Литературные работы Бердслея не получили того признания и анализа, которого они заслуживают. И если и заходила речь о его прозе, о ее достоинствах, то среди критиков, как правило, звучала снисходительная тональность; ее рассматривали как своего рода дополнение, пояснение к его рисункам:«... проза не ремесленника, а любителя, и в этом оно может быть сравнимо с прозой Уистлера, столь великого художника в своем искусстве и столь блестящего дилетанта в области слова». Р. Росс был среди тех немногих, кто придавал прозе Бердслея совершенно самостоятельное значение, «его писания — отмечает критик — как бы они ни были блестящи, — и они были очень часто блестящи, — всегда проявляли какую-то опасную талантливость, которая при развитии могла бы оказаться гибельной для осуществления его настоящего призвания».6 Никто при этом не отрицал наличие литературного таланта у Бердслея, но другое дело, задается вопросом А. Лаверс, «понял ли сам автор, что литература для него больше, чем простая игра»7. Конечно же, литературные опыты Бердслея по значимости вряд ли можно поставить в один ряд с его лучшими достижениями в области книжной иллюстрации, но «все же за ними остается великолепное значение крайне характерных примеров несколько нарочито роскошной поэзии, связанной первоначально с именем Уайльда».8
«История Венеры и Тангейзера», эта «волшебная сказка для взрослых», впервые была опубликована в нескольких номерах журнала «Савой» за 1897 г., под названием «Под холмом» («Under the Hill»).

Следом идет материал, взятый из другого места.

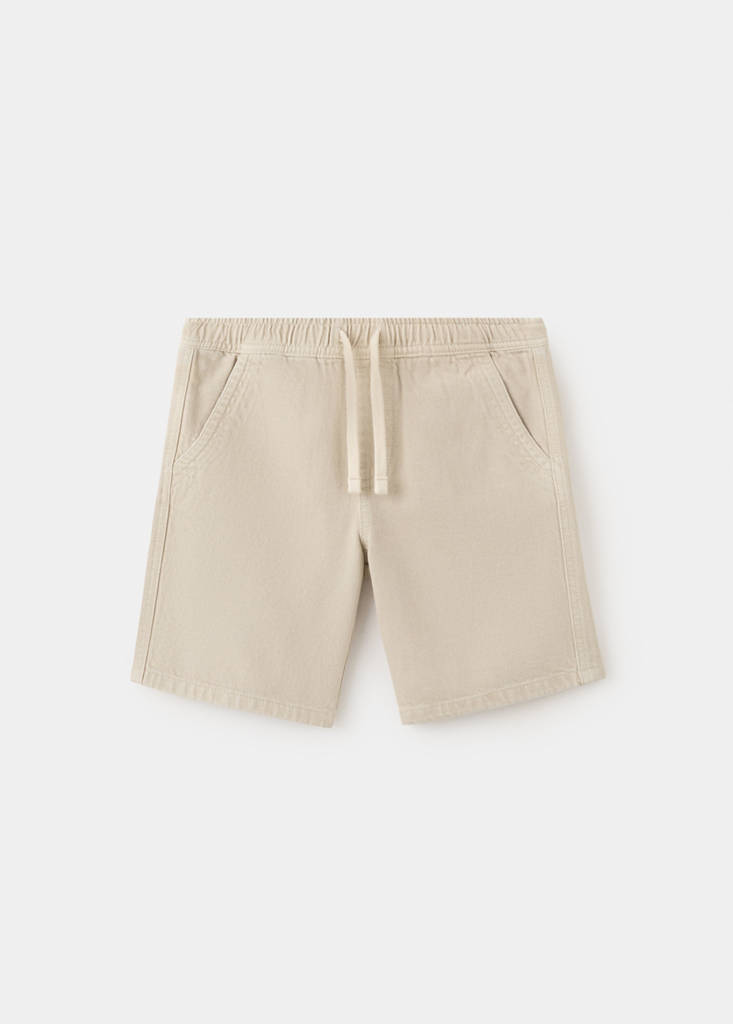 Straight cotton Bermuda shorts — Sand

Бердслей обращается к излюбленному сюжету в искусстве, ставшему своего рода мифологемой на рубеже веков и получившему широкое хождение среди символистов, к средневековой легенде о странствующем благородном рыцаре Тангейзере. Эта легенда гласит о том, что Тангейзер, приверженец куртуазной лирики, немало постранствовал на своем веку (при этом он дошел до мусульманского Востока), воспевал в своих стихах прелести любви, женское очарование, притягательную силу вина, потратив на эти жизненные наслаждения все свое состояние, в конце пути он все же вынужден был отречься от них, раскаявшись в своих грехах (сохранилась музыка его «Песни покаяния).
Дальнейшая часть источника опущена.